This security statement describes PasswordPal practices with respect to private information that may be obtained through PasswordPal services and website. Questions about PasswordPal security may be submitted to PasswordPals support team by contacting us. This security statement applies to PasswordPal only.
Transmission of sensitive information between user's computer and PasswordPal's website is protected using Secure Socket Layer (SSL) Certificate issued by Comodo. 256-bit SSL ensures that all information typed by a user is completely encrypted and cannot be seen by anyone. Please make sure that your connection is protected using SSL Certificate while working with your confidential information (register to our sevice, add/view your passwords, notes or download files uploaded before). Please look at browser's address bar: URL in your browser's address bar should begin with https://www.passwordpal.net (or https://passwordpal.net) - the 's' after 'http' indicates: this is a secure page. You also must have a 'padlock' in the bottom right-hand corner or top right-hand corner of your browser (exact position depends on the browser you use), or if using Firefox, part of the address bar should be blue. Click the padlock or blue area to verify that the security certificate is issued to www.passwordpal.net (or passwordpal.net).

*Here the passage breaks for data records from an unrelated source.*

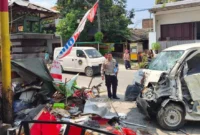 Petugas kepolisian mengevakuasi korban kecelakaan mobil SPPG yang menabrak dua pedagang gerobak di Jalan Pulau Kalimantan Raya, Bekasi Timur, Kota Bekasi. (Posnews/Ist)
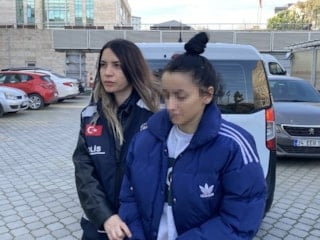 Samsun'da arkadaşlarını elektrik süpürgesinin demiriyle dövüp telefonunu gasbettiler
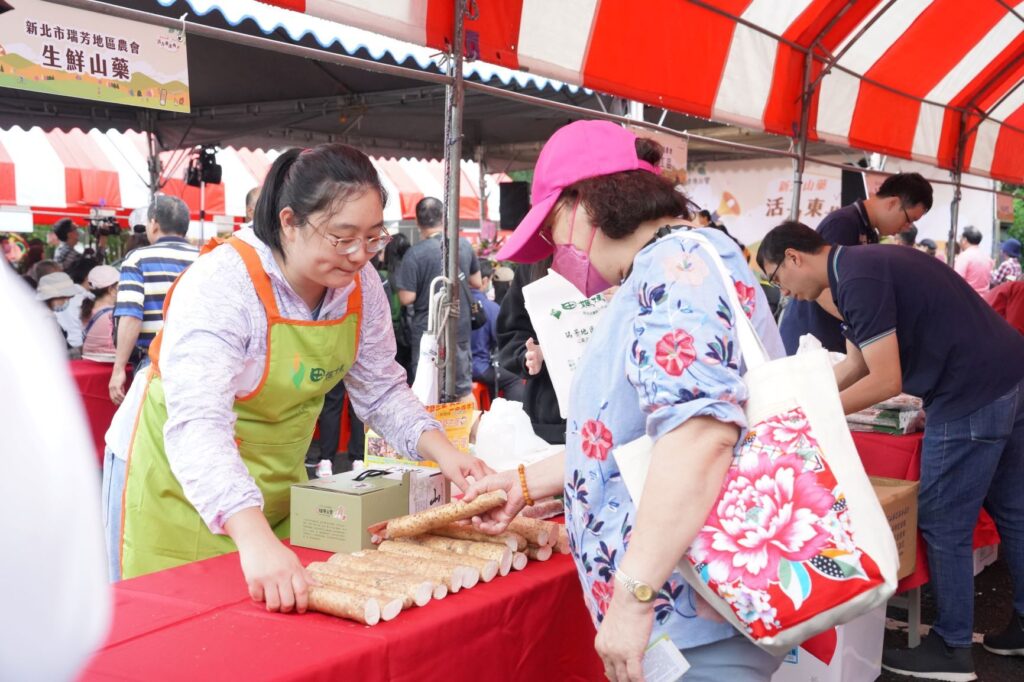 ▲民眾選購山藥相當踴躍。（圖/新北農業局 提供）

PasswordPal uses Triple DES, powerful cryptographic algorithm to encode all confidential data. Triple DES encryption would take hundreds and hundreds of years to crack encryped data even if you use the most powerful machines involved into cryptography industry. Triple DES encryption system works only 1 way meaning that all data can only be accessed by the owner of the encryption key. This key is based on your password. We don't keep neither your password nor encryption key on our servers. If the author were to ever forget their PasswordPal password all of their data would have to be reset and could never be recovered. Even if a hacker did ever manage to find and hack the database, the information would be useless without each members' encryption key. So a hacker would have to spend hundreds of years unlocking each individuals encryption key and then all of their data.

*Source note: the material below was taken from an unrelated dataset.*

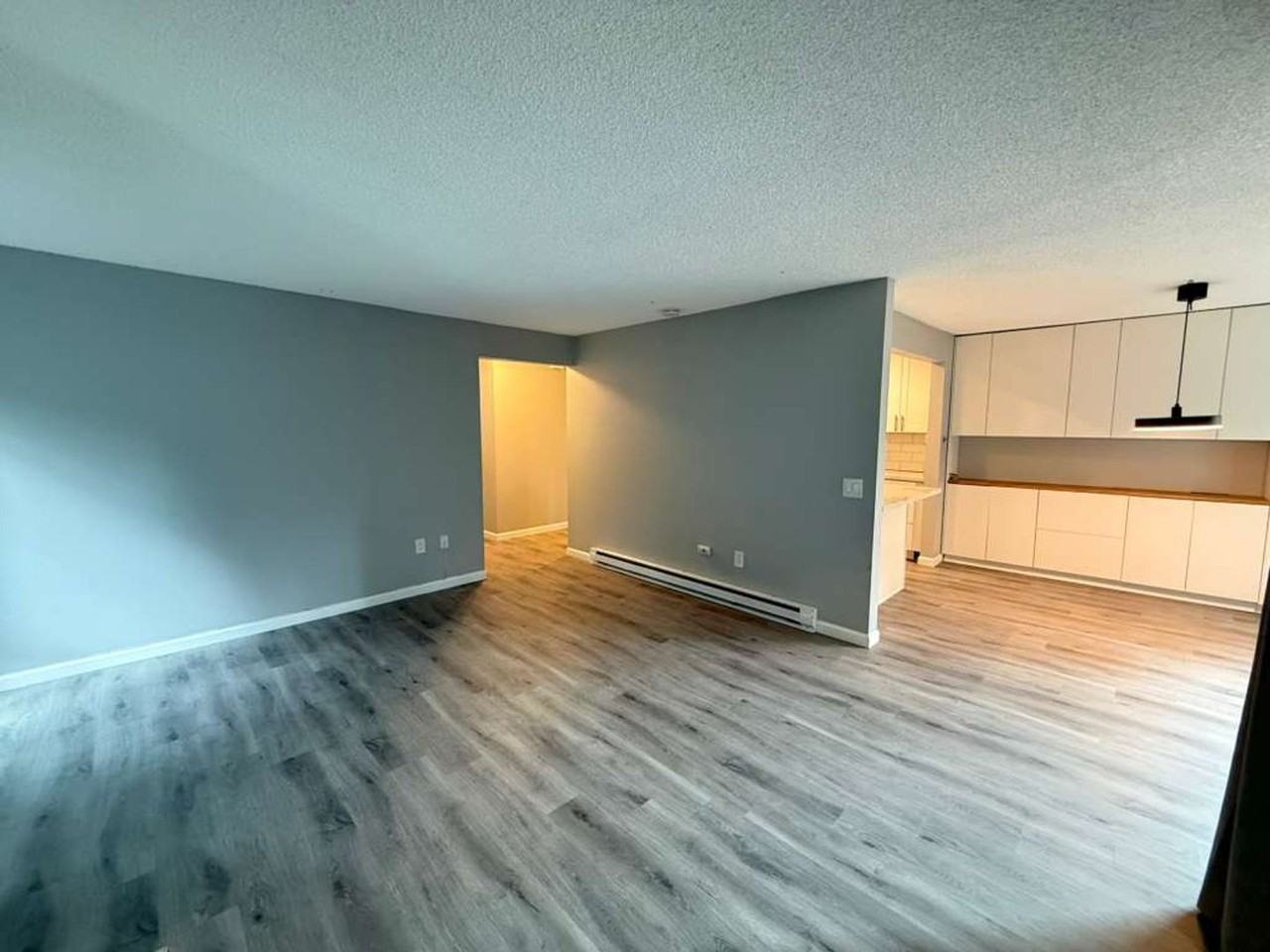 13739 15th Ave Ne - Photo 3 of 20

We monitor the integrity of our website application 24/7/365 to avoid any hackers' attempts to integrate malicious code, badware, viruses or any kind of spyware code which can make security holes in our system. Once we get any alerts, we close any 'bad' connections immediately.
We monitor login attempts. Once you (or any potential thief) enters a password 3 times incorrectly, the account is deactivated and corresponding message is sent to the account owner. After an account is deactivated nobody can use it before it becomes active again. Only account owners can activate their accounts.
We backup all information daily to ensure that data is never lost.